ACTION ITEM. Leave out the pictures and reproduce all of the data exactly.

EXTRACTED ENTRIES.
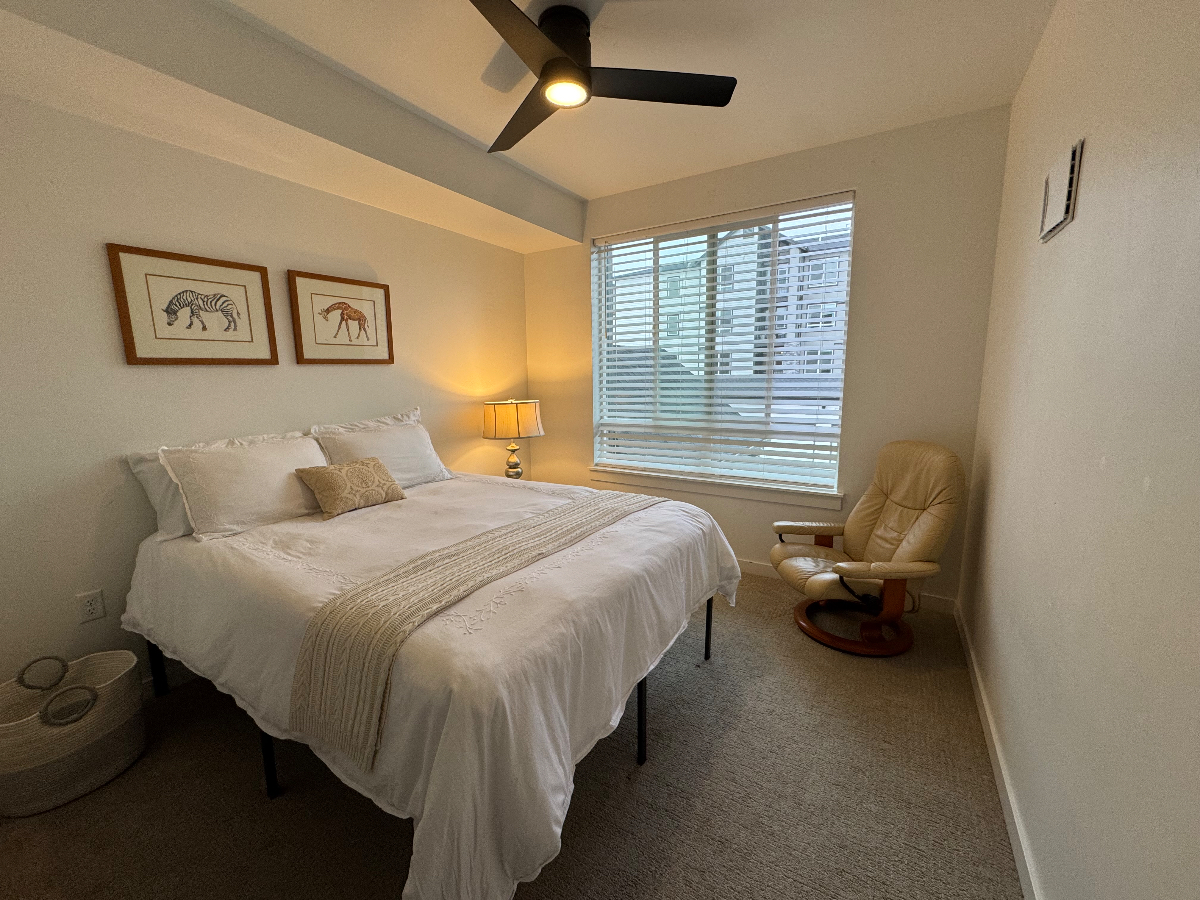 Private Ensuite Room in Modern Luxury Apartment - 2 Miles from Hospital - All Utilities Included - Pet-Friendly - Photo 1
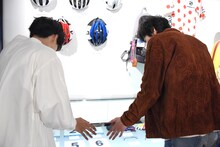 ゼッケンを見つめる坂東龍汰（左）と柳俊太郎（右）。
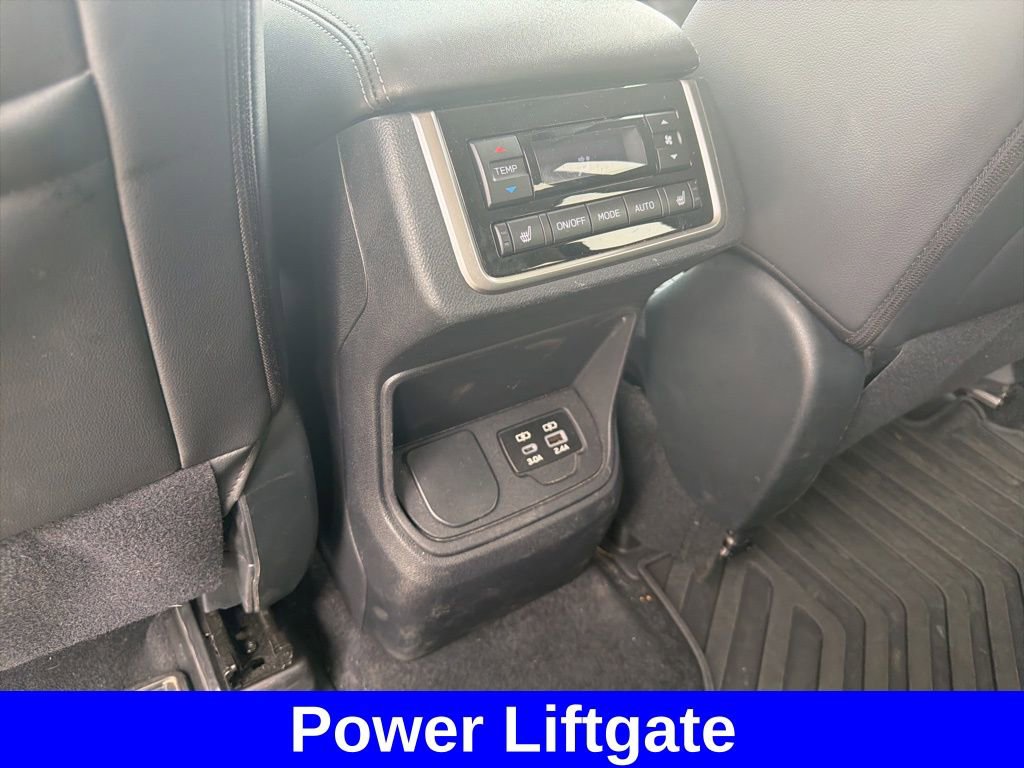 Used 2023 Subaru Ascent Limited image 20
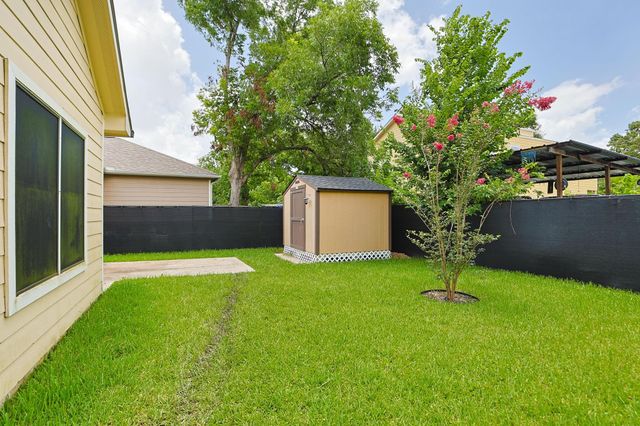 7985 Saint Louis Street, Houston, TX 77028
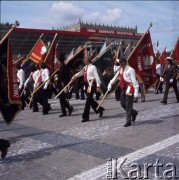 22.07.1974, Warszawa, Polska.
30. rocznica powstania Polskiej Rzeczpospolitej Ludowej. W uroczystych obchodach Narodowego Święta Odrodzenia Polski biorą udział delegacje różnych związków zakładowych i młodzieżowych, którzy niosą sztandary. 
Fot. Edward Grochowicz, zbiory Ośrodka KARTA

ANSWER TO THIS EXERCISE.
 Private Ensuite Room in Modern Luxury Apartment - 2 Miles from Hospital - All Utilities Included - Pet-Friendly - Photo 1
 ゼッケンを見つめる坂東龍汰（左）と柳俊太郎（右）。
 Used 2023 Subaru Ascent Limited image 20
 7985 Saint Louis Street, Houston, TX 77028
 22.07.1974, Warszawa, Polska.
30. rocznica powstania Polskiej Rzeczpospolitej Ludowej. W uroczystych obchodach Narodowego Święta Odrodzenia Polski biorą udział delegacje różnych związków zakładowych i młodzieżowych, którzy niosą sztandary. 
Fot. Edward Grochowicz, zbiory Ośrodka KARTA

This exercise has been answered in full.